As I wrote on June 26, “Typically in Russia the penalty for dissent is death.” That’s how gangster organizations work, be they Soviet, Italian, or Putin-land. Prigozhin sowed and reaped.

I first started studying Russia when I read The Russians, a 1976 book published by New York Times reporter Hedrick Smith. I was 10 or 12. Russia to me was scary and impenetrable, the place the nuclear missiles were supposed to get launched from, but it was also where my Grandfather was born.

“Journalists are supposed to write about what is new and fresh,” Smith began, “what struck me as new and fresh to convey to readers was the human quotient, the texture and fabric of the lives of the Russian people.” 

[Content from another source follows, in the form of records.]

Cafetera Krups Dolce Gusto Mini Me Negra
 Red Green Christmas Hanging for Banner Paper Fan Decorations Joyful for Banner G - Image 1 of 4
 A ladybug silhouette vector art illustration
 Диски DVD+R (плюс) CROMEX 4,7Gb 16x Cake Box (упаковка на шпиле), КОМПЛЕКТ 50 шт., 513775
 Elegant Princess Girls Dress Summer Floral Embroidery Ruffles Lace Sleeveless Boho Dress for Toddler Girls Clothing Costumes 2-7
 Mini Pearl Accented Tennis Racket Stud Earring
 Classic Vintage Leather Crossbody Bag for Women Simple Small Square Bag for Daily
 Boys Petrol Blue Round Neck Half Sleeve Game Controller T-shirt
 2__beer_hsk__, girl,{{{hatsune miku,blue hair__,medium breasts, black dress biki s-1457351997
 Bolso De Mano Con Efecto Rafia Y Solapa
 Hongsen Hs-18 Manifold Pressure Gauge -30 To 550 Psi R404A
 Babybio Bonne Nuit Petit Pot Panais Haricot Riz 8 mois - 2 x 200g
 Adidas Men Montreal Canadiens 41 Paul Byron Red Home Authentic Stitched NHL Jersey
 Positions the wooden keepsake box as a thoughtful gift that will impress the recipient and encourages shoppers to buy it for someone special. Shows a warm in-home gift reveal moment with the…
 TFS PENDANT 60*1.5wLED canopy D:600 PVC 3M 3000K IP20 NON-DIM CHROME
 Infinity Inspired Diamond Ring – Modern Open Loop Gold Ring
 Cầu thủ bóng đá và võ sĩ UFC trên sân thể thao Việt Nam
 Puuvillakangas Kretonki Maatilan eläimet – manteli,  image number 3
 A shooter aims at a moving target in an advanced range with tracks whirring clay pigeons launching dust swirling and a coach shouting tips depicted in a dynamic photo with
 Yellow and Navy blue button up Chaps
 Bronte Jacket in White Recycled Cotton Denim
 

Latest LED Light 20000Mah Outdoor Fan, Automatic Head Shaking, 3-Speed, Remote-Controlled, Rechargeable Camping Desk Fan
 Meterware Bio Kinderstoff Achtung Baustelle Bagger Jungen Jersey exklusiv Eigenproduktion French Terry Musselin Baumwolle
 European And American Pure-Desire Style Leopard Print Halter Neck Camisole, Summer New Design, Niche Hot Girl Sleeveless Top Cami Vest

What surprised him was Russia’s paradoxes. Dissidents were indeed locked up, but sometimes dissidents, like the Nobel laureate Joseph Brodsky, were asked to offer constructive criticism of the amateur poetic efforts of their KGB interrogators. Right after college, I moved to Moscow and lived there for three years, meeting my wife and making lifelong friends. I’ve been studying Russia’s paradoxes ever since.

The paradox of Russia today is that it is both strong and weak. Strong in the sense that it is reigning terror in Ukraine day after day and that Putin just murdered one of his close associates and, for good measure, the other nine people with him. But the Kremlin is also weak, an empty shell devoid of morals or coherent vision. Killing hundreds of thousands of your own citizens in a senseless meat grinder has consequences for political stability.

Beyond the obscene loss of life, Russian wealth has fallen about 20% since the war began, as the currency chart below shows. People who are selling businesses are realizing just a fraction of the profits they would have before the war, or outright seeing businesses confiscated, like Danone and Carlsberg.  

What exactly are Russian citizens getting from the state these days? Death, poverty, and a distorted sense of national pride? The list of failed states is long (Haiti, Venezuela, Somalia, etc), but never a nuclear-tipped one. That a Ukraine victory might bring a Russian collapse is a scary thought but not a preposterous one.